→ What to work on: An exact copy of all the data, minus the images, is required.

→ Data shown:
□ □ □ □ □ □ □

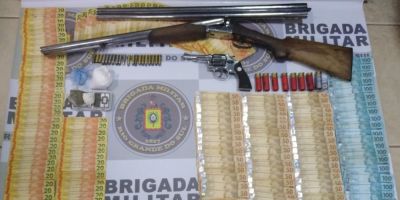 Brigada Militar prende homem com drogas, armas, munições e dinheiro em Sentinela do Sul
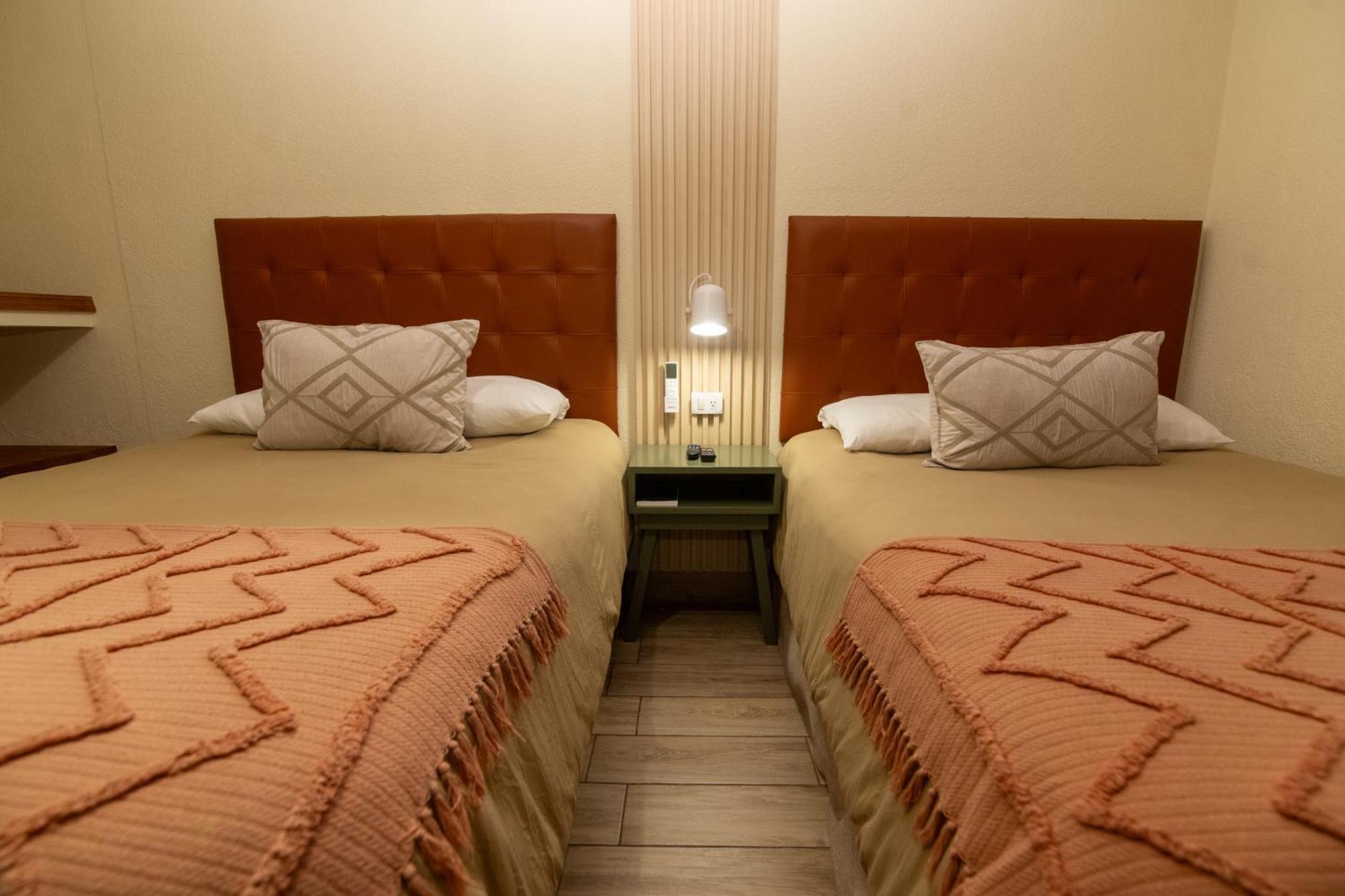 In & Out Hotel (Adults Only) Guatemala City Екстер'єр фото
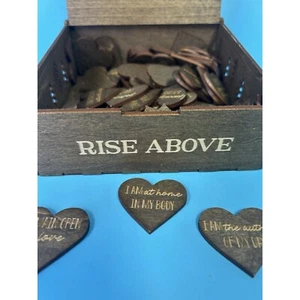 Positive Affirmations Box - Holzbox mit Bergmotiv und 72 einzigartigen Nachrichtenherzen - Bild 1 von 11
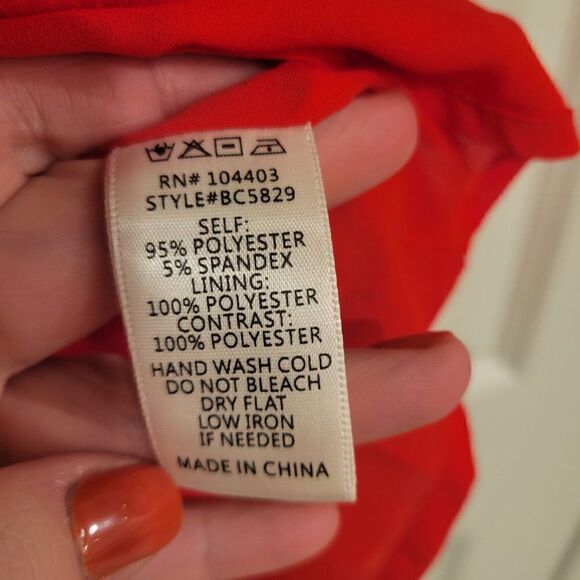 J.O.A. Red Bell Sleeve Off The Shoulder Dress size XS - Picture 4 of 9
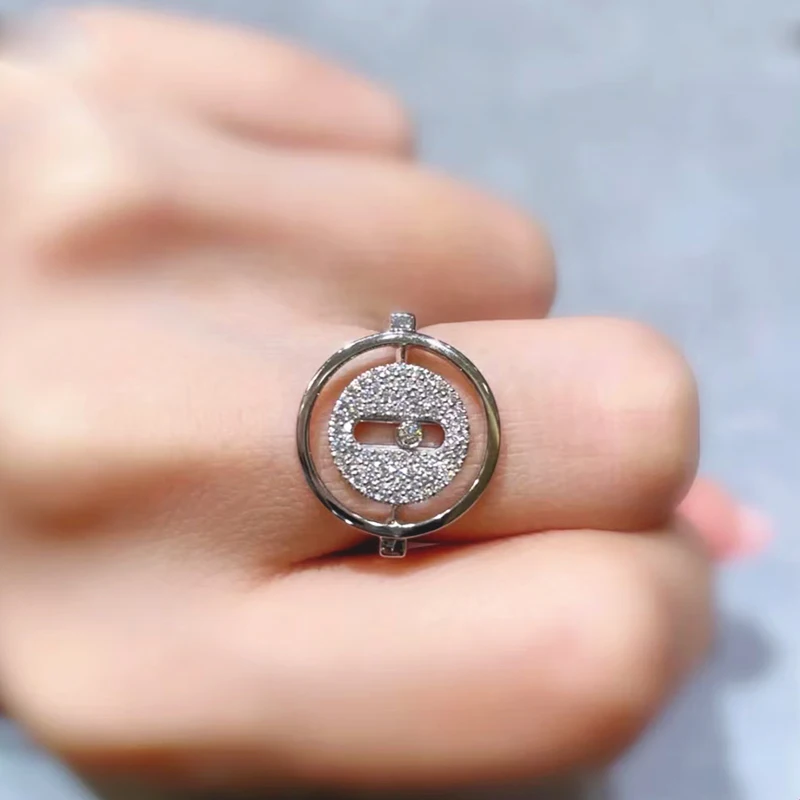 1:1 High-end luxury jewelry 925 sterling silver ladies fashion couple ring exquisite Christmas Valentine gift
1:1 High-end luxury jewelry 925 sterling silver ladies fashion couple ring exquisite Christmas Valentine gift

□ □ □ □ □ □ □

→ Task output:
 Brigada Militar prende homem com drogas, armas, munições e dinheiro em Sentinela do Sul
 In & Out Hotel (Adults Only) Guatemala City Екстер'єр фото
 Positive Affirmations Box - Holzbox mit Bergmotiv und 72 einzigartigen Nachrichtenherzen - Bild 1 von 11
 J.O.A. Red Bell Sleeve Off The Shoulder Dress size XS - Picture 4 of 9
 1:1 High-end luxury jewelry 925 sterling silver ladies fashion couple ring exquisite Christmas Valentine gift
1:1 High-end luxury jewelry 925 sterling silver ladies fashion couple ring exquisite Christmas Valentine gift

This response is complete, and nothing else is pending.